Some two dozen hostages were freed and more than a thousand IS detainees surrendered after a six-day firefight that left at least 200 dead.
AFP via Getty Images

The Kurdish-led Syrian Democratic Forces have regained control of the region’s largest prison for Islamic State detainees after a six-day battle that left more than 200 people dead.

The SDF declared the Sinaa prison in the northeast Syrian city of Hasakah secure on Wednesday afternoon after the last IS detainees inside surrendered. Some two dozen hostages were rescued, SDF officials said.

A final death toll has yet to emerge, and the fate of several hundred boys held in the prison — at least some of whom Kurdish officials said had been held hostage by IS detainees during the battle — remains unknown. Some 30 SDF members were reported to have been killed, according to spokesperson Farhad Shami. 

It also remained unclear on Wednesday how many IS prisoners may have escaped.

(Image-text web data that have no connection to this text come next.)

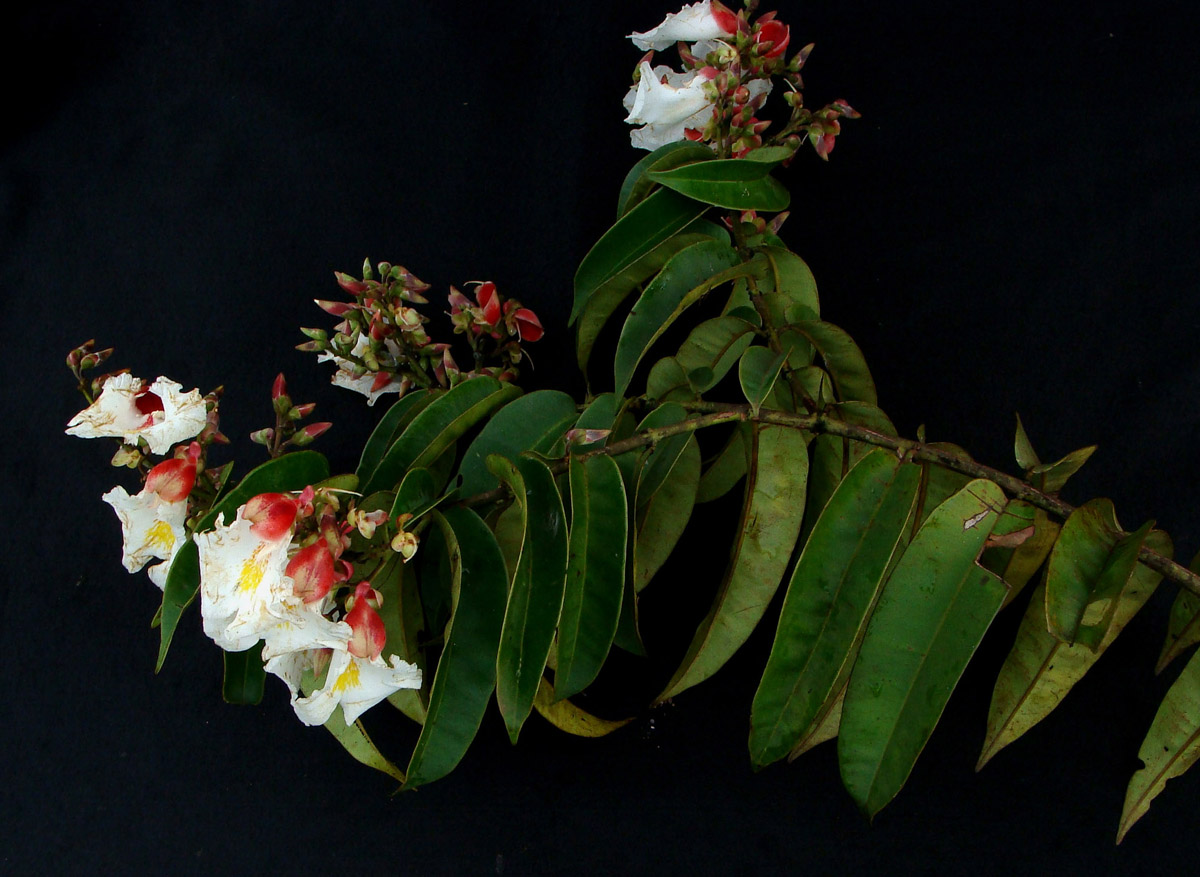 Vochysiaceae Qualea acuminata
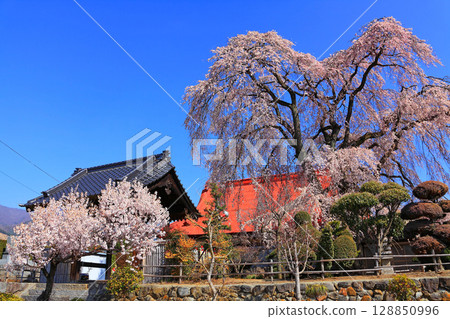 西念寺的山門、正殿和垂枝櫻花的結合 西念寺的山門、正殿和垂枝櫻花的結合 128850996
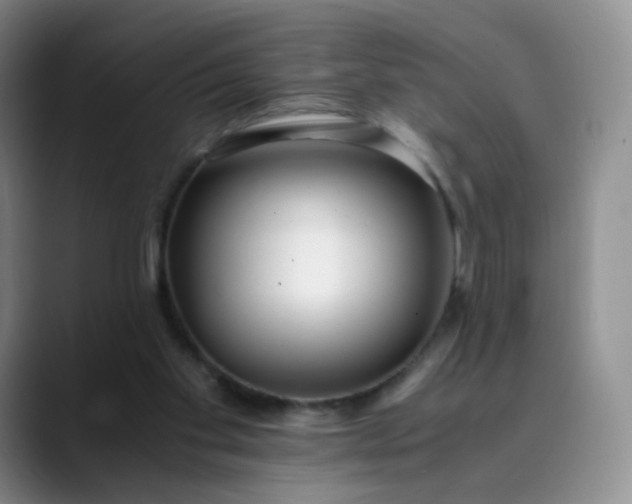 X0000089890109200707121838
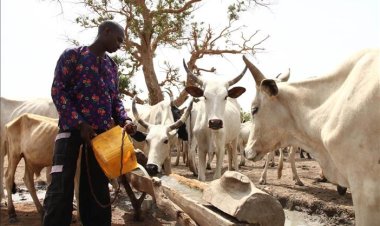 The danger of a single story about Fulani pastoralists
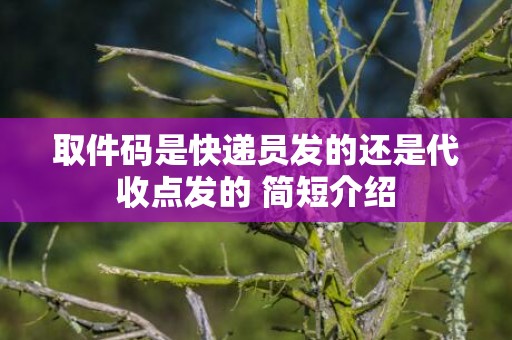取件码是快递员发的还是代收点发的 简短介绍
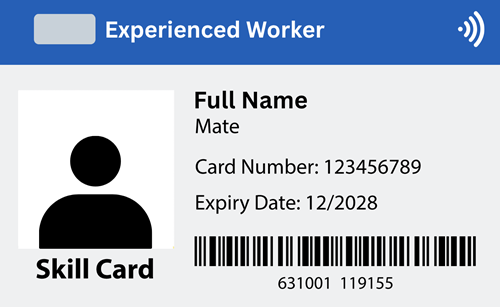 Blue - Experienced Worker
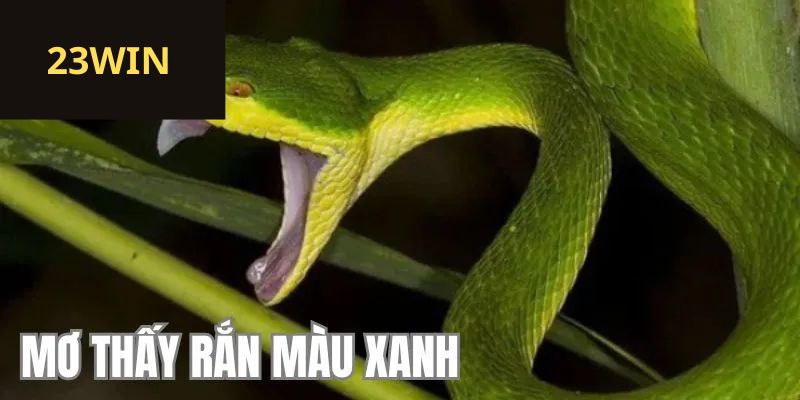 Nằm mơ thấy rắn vào phòng bếp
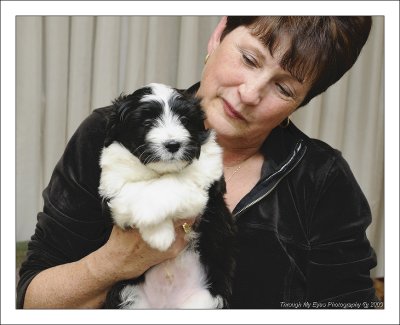 Laurel and Baileys puppy at 6 weeks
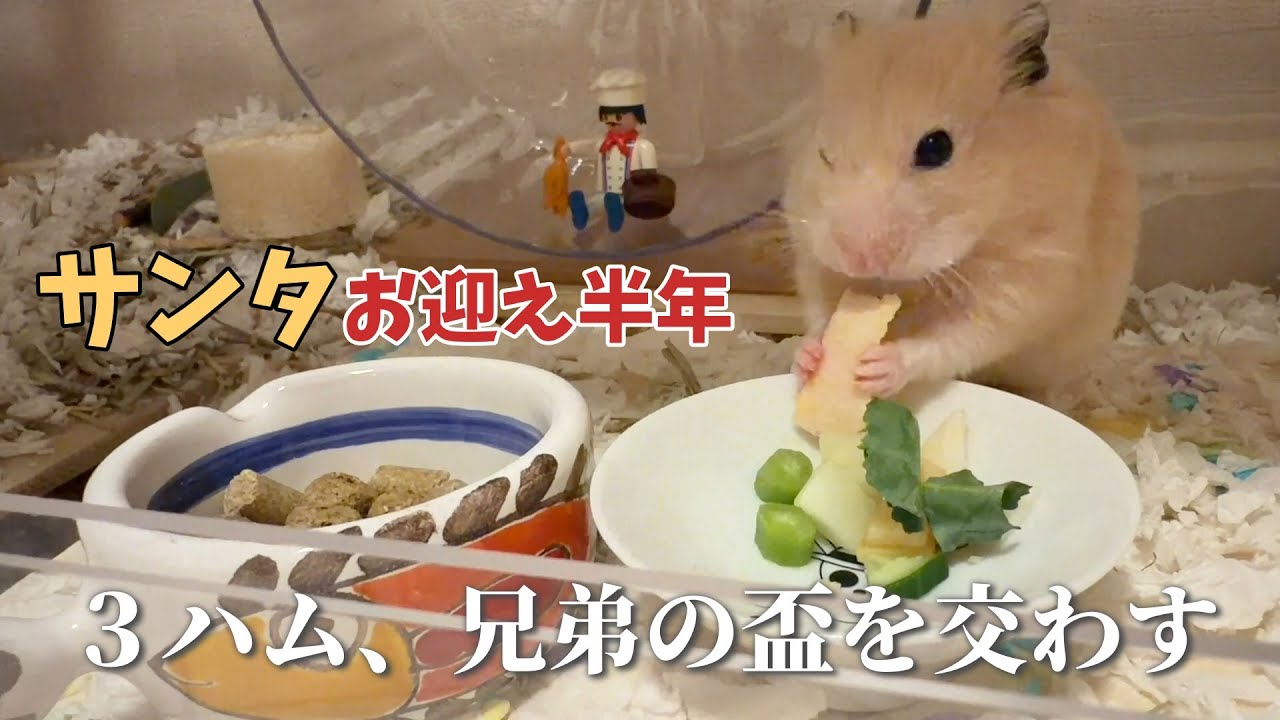 【ハム飯】元ミシュランシェフの料理で祝う！３匹のハムスター、兄弟の盃を交わす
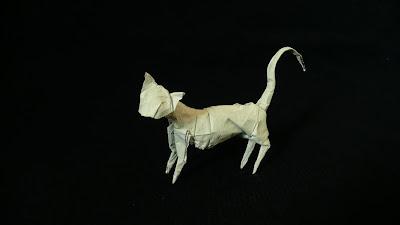 Cat (CP)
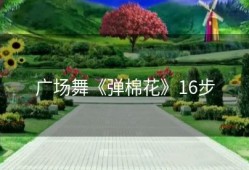 广场舞《弹棉花》16步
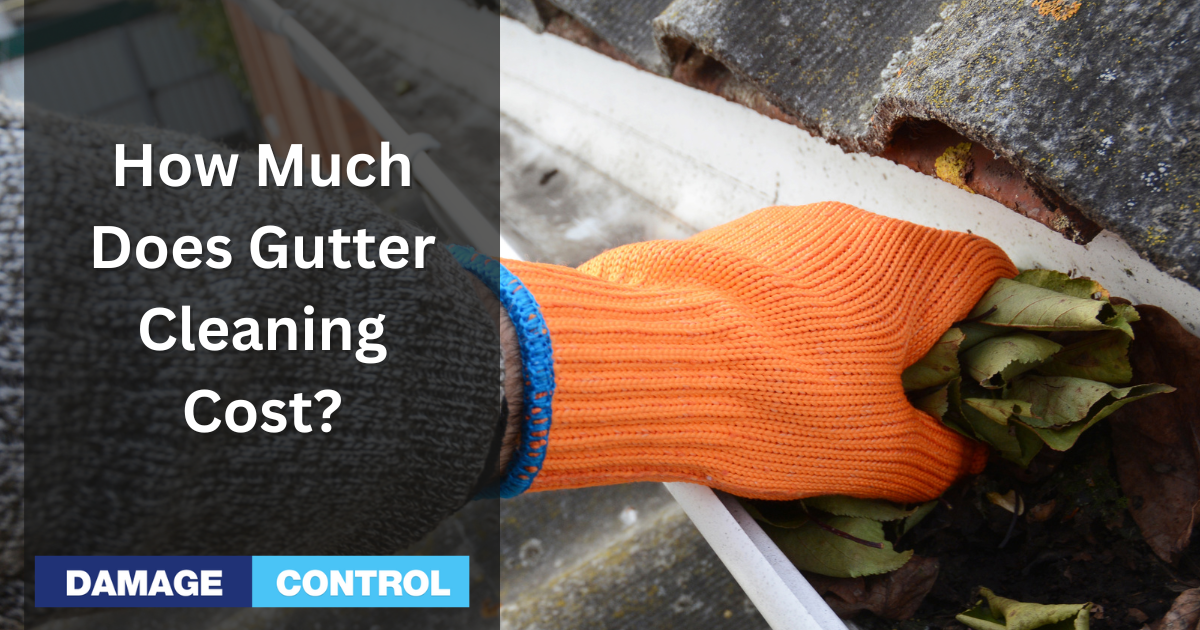 What's The Average Cost For Gutter Cleaning Services?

IS initially said it had freed 800 detainees, a claim the Kurdish-led security forces rejected.

More than 1,000 prisoners surrendered to the SDF and have begun to be transported to other detention centers, according to the Rojava Information Center, citing SDF numbers.

The capture marks the end of some of the bloodiest street fighting Hasakah has seen since its liberation from the Islamic State in 2015, shattering the calm to which residents have become accustomed in recent years under the Kurdish-led administration and watched over by the US-led international military coalition.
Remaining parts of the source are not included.